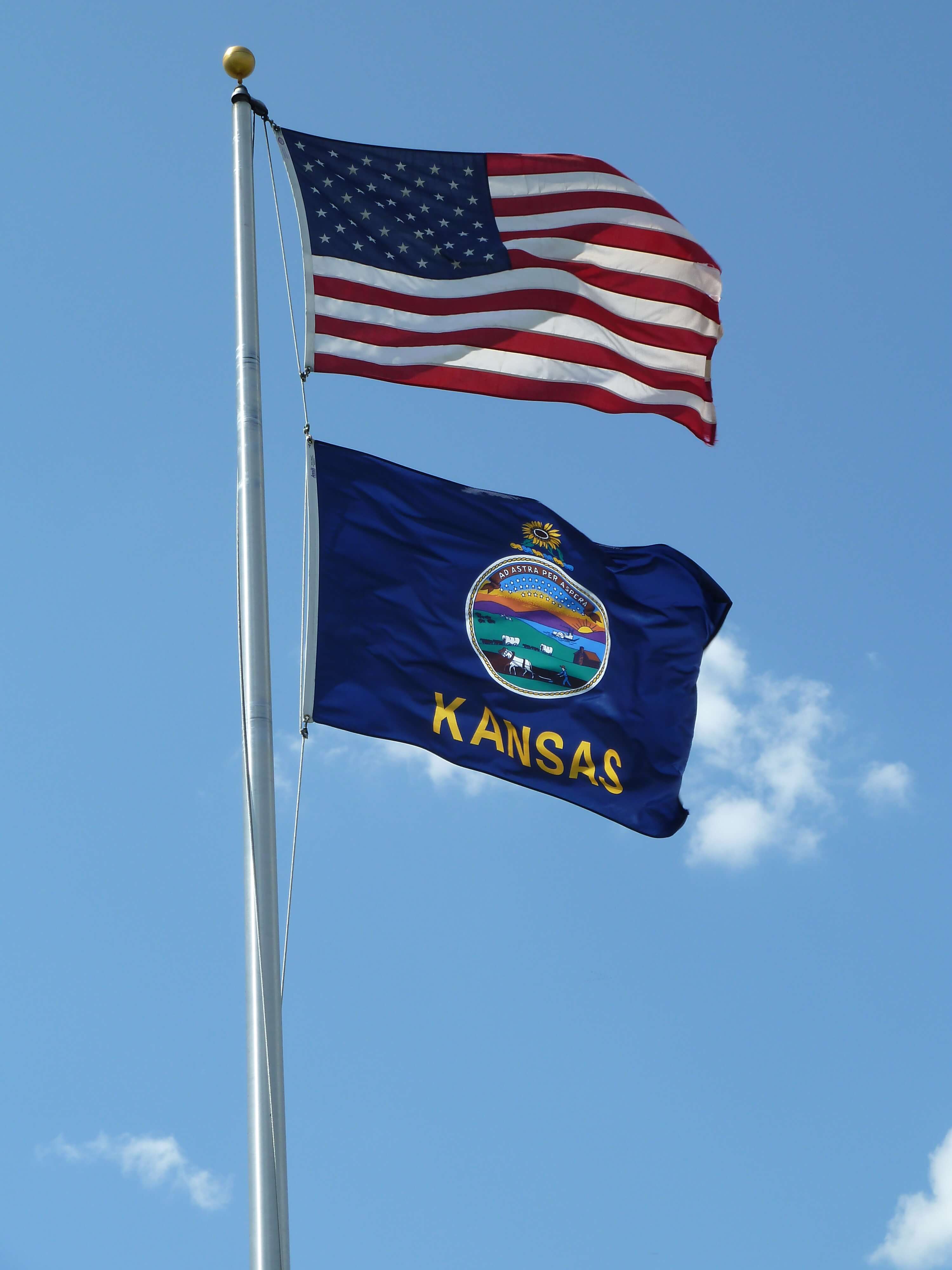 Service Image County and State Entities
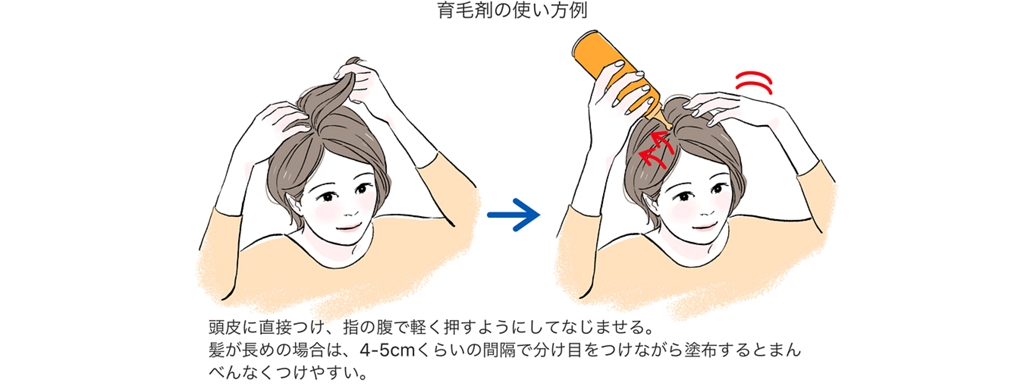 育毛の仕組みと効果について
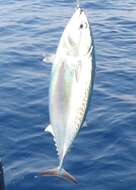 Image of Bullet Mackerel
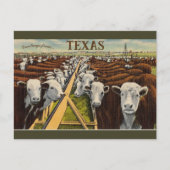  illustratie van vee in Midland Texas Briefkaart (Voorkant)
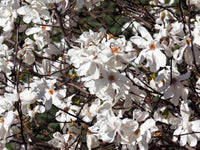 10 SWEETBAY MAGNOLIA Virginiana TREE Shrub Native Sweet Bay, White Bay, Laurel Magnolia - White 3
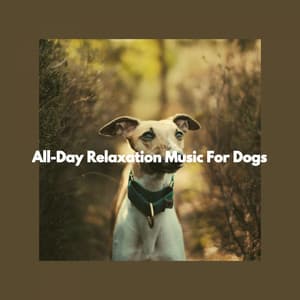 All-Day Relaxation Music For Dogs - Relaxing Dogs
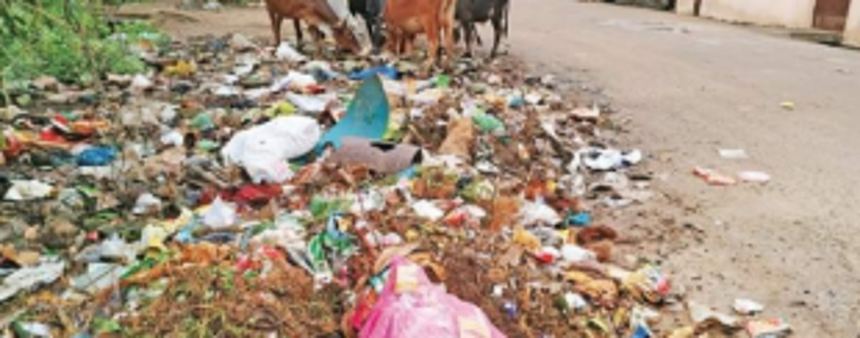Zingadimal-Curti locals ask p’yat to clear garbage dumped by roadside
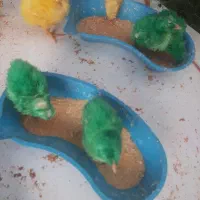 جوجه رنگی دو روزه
::::
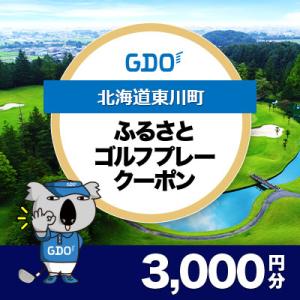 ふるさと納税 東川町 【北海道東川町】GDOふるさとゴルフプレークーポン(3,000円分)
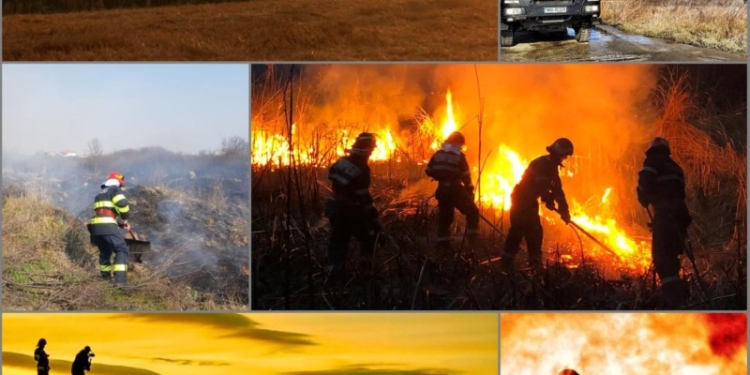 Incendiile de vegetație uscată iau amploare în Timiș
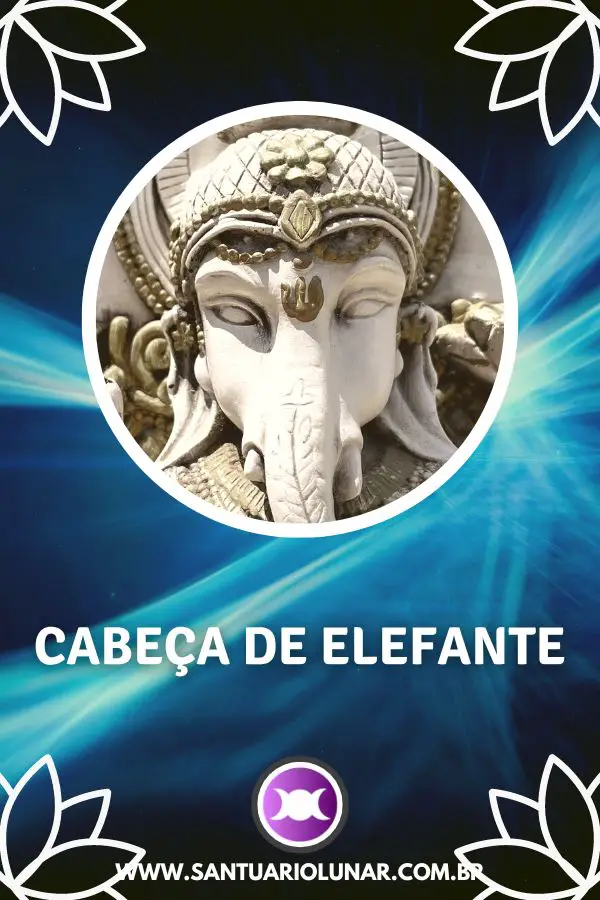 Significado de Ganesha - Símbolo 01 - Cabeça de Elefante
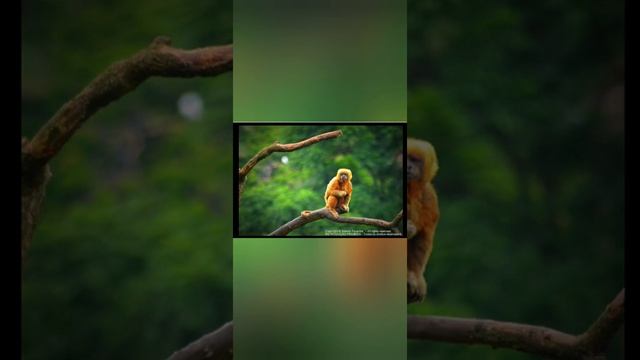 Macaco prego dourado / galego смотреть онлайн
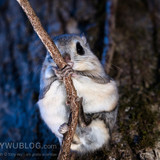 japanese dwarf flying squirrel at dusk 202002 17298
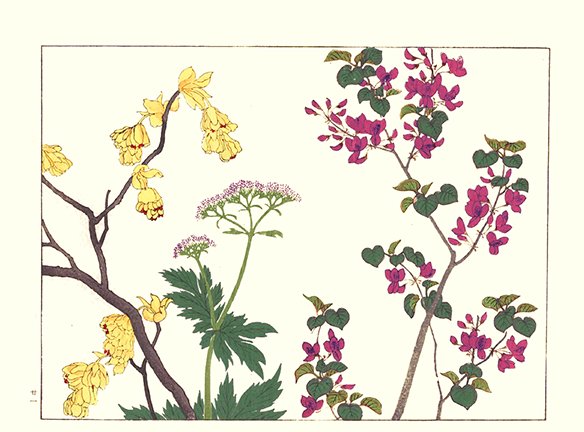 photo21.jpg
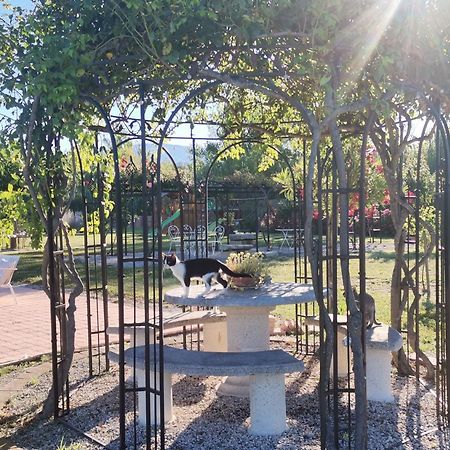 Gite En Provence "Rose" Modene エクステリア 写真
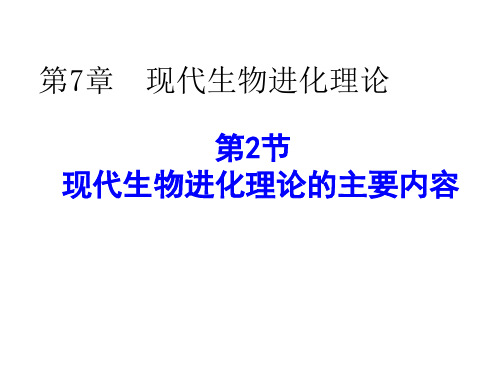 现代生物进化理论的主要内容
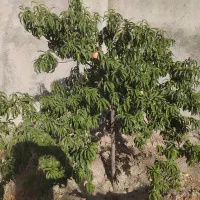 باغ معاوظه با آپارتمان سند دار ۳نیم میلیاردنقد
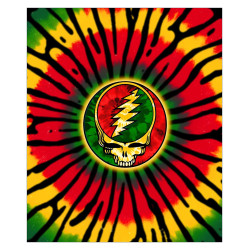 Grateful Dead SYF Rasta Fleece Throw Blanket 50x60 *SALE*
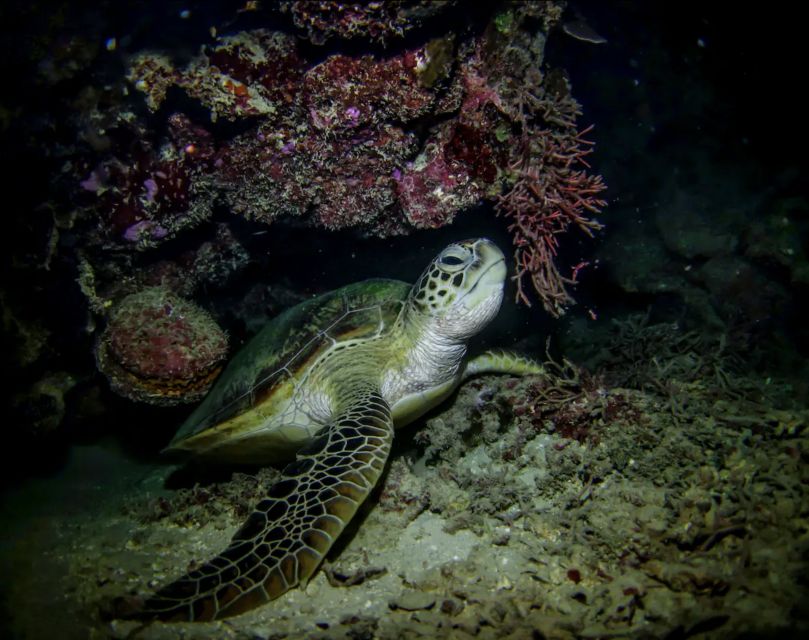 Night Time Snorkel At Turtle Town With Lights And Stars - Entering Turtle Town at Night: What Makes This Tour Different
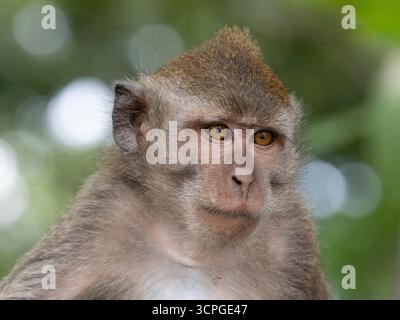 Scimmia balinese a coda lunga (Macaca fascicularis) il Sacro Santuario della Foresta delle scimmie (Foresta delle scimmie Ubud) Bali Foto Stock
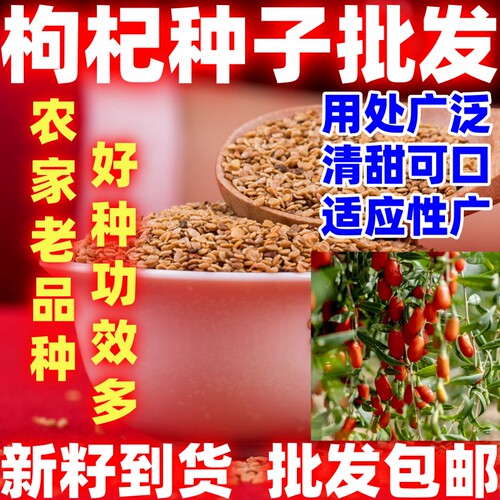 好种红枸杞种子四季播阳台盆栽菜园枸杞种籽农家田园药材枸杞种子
::::
### Problem details
Above, find the line with "japanese dwarf flying"; copy it and every line down to the line with "好种红枸杞种子四季播阳台盆栽菜园枸杞种籽农家田园药材枸杞种子", exactly and both included, but no pictures.

### Response to the exercise
 japanese dwarf flying squirrel at dusk 202002 17298
 photo21.jpg
 Gite En Provence "Rose" Modene エクステリア 写真
 现代生物进化理论的主要内容
 باغ معاوظه با آپارتمان سند دار ۳نیم میلیاردنقد
 Grateful Dead SYF Rasta Fleece Throw Blanket 50x60 *SALE*
 Night Time Snorkel At Turtle Town With Lights And Stars - Entering Turtle Town at Night: What Makes This Tour Different
 Scimmia balinese a coda lunga (Macaca fascicularis) il Sacro Santuario della Foresta delle scimmie (Foresta delle scimmie Ubud) Bali Foto Stock
 好种红枸杞种子四季播阳台盆栽菜园枸杞种籽农家田园药材枸杞种子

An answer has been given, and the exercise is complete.